Livro do Padre José Lopes de Mira, Livro 146 do Arquivo Distrital de Évora, fol. 70r

Este facto, juntamente com a identidade do copista de ambos os volumes (o próprio Padre Lopes de Mira) revela que existe uma relação entre o manuscrito CXXVIII/2-13e (1) da BPE, a partir do qual Luís da Silveira editou o Panegírico do infante, e o Livro do Padre José Lopes de Mira. E não se ficam por aqui as coincidências entre estes dois volumes: todo o restante conteúdo do manuscrito de Évora (história do reinado de D. Afonso Henriques e documentos de D. João II, D. Manuel e D. Sebastião) existe também no Livro do Padre José Lopes Mira. Até os títulos gerais de ambos os manuscritos, atrás transcritos, são idênticos. É, portanto, seguro que o manuscrito CXXVIII/2-13e (1) da BPE é uma cópia (parcial) do Livro do Padre José Lopes de Mira, feita pelo mesmo Padre Mira.
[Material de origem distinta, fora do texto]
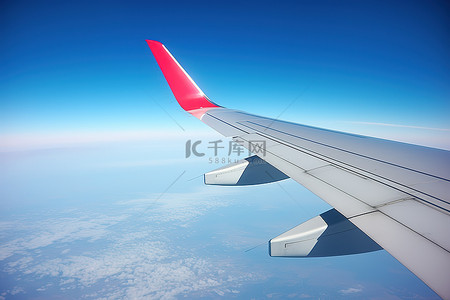 飞机空中背景图片_飞机的机翼飞过蓝天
Podemos, assim, responder à pergunta inicialmente formulada: que é o Panegírico do infante D. Pedro? Não é, como tem sido acreditado, um texto do século XV, mas sim uma construção de um erudito de finais do século XVIII, o Padre José Lopes de Mira, feita, isso sim, com base em materiais do século XV (uma versão da Crónica Geral de Espanha de 1344 e vários documentos e cartas da mesma época). O texto deste suposto Panegírico cumpriu, inicialmente, a função de introduzir e contextualizar a transcrição de um conjunto de documentos da época de Afonso V, dentro de um conjunto documental mais vasto. Posteriormente autonomizado pelo próprio Padre José Lopes de Mira, possivelmente a pedido de um outro erudito local (Cenáculo?), a sua função inicial perdeu-se. Em meados do século XX, dois estudiosos, Tejada Spínola e Luís da Silveira conheceram-no sob esta forma autónoma e, pelo conteúdo e pela linguagem, julgaram-no um texto quatrocentista. Silveira editou-o e, a partir daí, o estatuto do Panegírico como sendo um texto quatrocentista ficou canonizado.

Podemos, por outro lado, identificar a «cronica antiga manuscrita» do «Cartorio da Camara» [de Évora] a partir da qual o Padre Lopes de Mira construiu o texto que viria a ser conhecido como o Panegírico do infante D. Pedro. Trata-se, certamente, do Cod. CV/2-23 da BPE [BITAGAP manid 1491], que permanece nessa cidade alentejana e é cópia do manuscrito original da versão condestabriana da Crónica de 1344, o ms. «Portugais 9 da Bibliothèque Nationale de France» [BITAGAP manid 1155].

Curiosamente, o Padre José Lopes de Mira não foi o primeiro erudito a utilizar a versão condestabriana da Crónica de 1344 para a construção de relatos históricos. Recentemente, o colega Pedro Pinto, da BITAGAP, localizou, num manuscrito do Palácio da Ajuda, em Lisboa, uma cópia do século XVIII da história dos reis de Portugal dessa mesma versão da Crónica de 1344, igualmente intercalada por diversos documentos e cartas. Está em curso um estudo desse manuscrito da Ajuda, e novas informações aparecerão em futuras atualizações de BITAGAP.

*Esta nota é dedicada ao André Filipe Oliveira da Silva, que, numa época em que me deslocava frequentemente a Évora, me chamou a atenção para os resumos históricos presentes no Livro do Padre José Lopes de Mira.